— Activity —
Output all the entries word for word. Omit the pictures.

— Raw data —
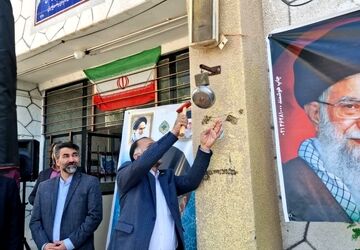 نواخته شدن زنگ ۱۵ خرداد در دبیرستان صدرا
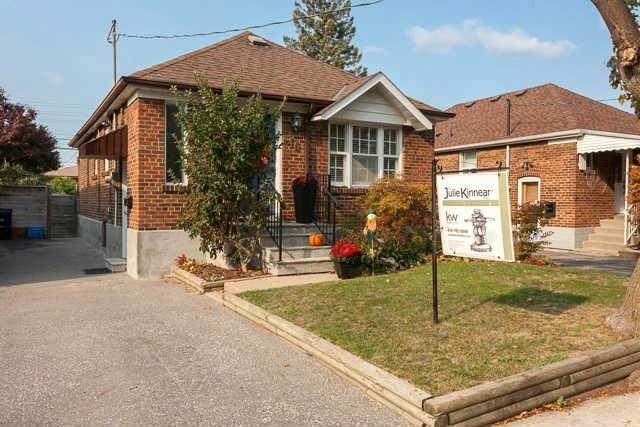46 Rothsay Ave, House detached with 2 bedrooms, 2 bathrooms and 4 parking in Toronto ON | Image 2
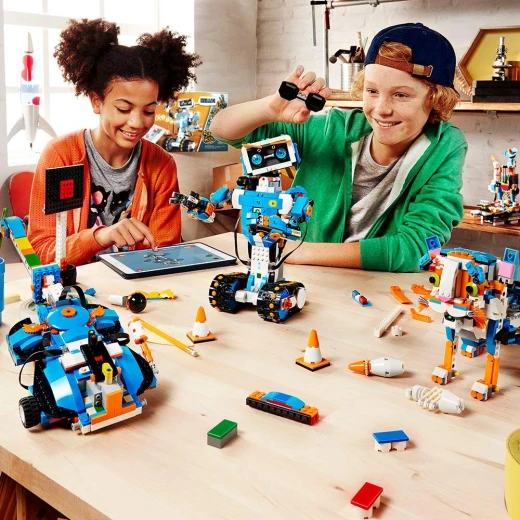 LEGO Boost Creative Toolbox Toy, 847 Pieces - ليجو - Image 11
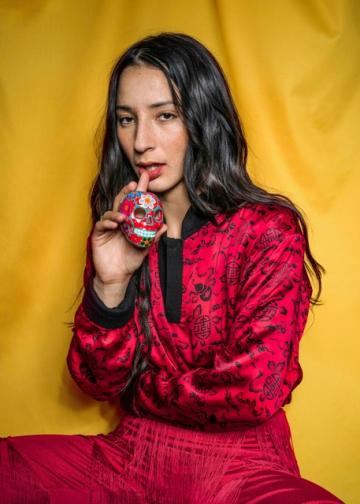 performing tibetan identities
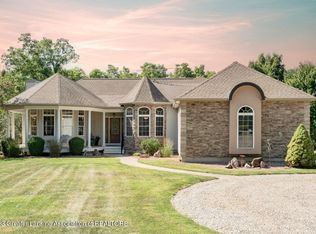 1838 S Waverly Rd, Eaton Rapids, MI 48827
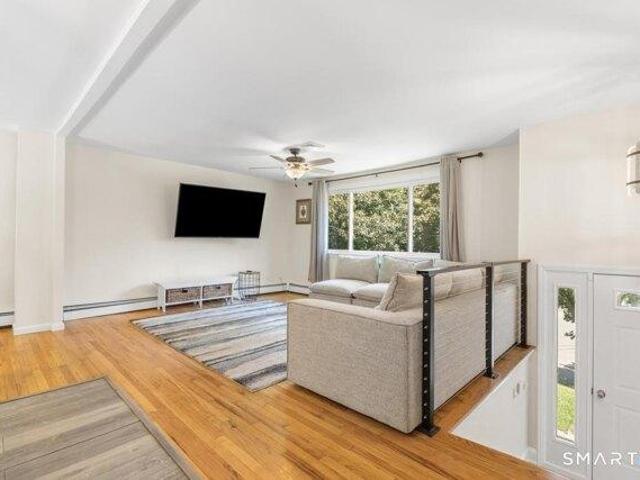 house with 3 bedroom, Milford CT ES105442058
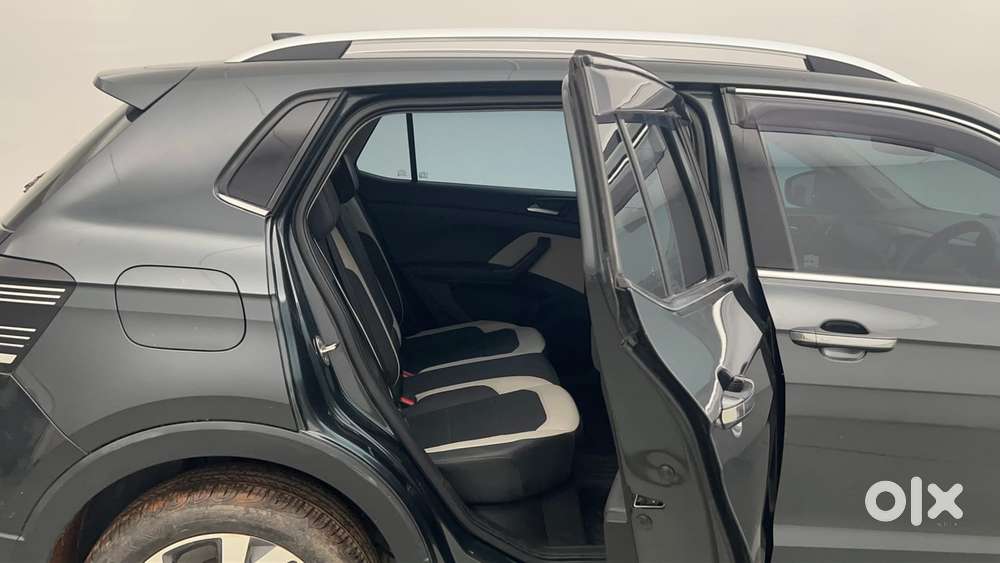 Volkswagen Taigun Topline 1.0 Tsi At (electric Seats), 2023, Petrol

— Output for this task —
 نواخته شدن زنگ ۱۵ خرداد در دبیرستان صدرا
46 Rothsay Ave, House detached with 2 bedrooms, 2 bathrooms and 4 parking in Toronto ON | Image 2
 LEGO Boost Creative Toolbox Toy, 847 Pieces - ليجو - Image 11
 performing tibetan identities
 1838 S Waverly Rd, Eaton Rapids, MI 48827
 house with 3 bedroom, Milford CT ES105442058
 Volkswagen Taigun Topline 1.0 Tsi At (electric Seats), 2023, Petrol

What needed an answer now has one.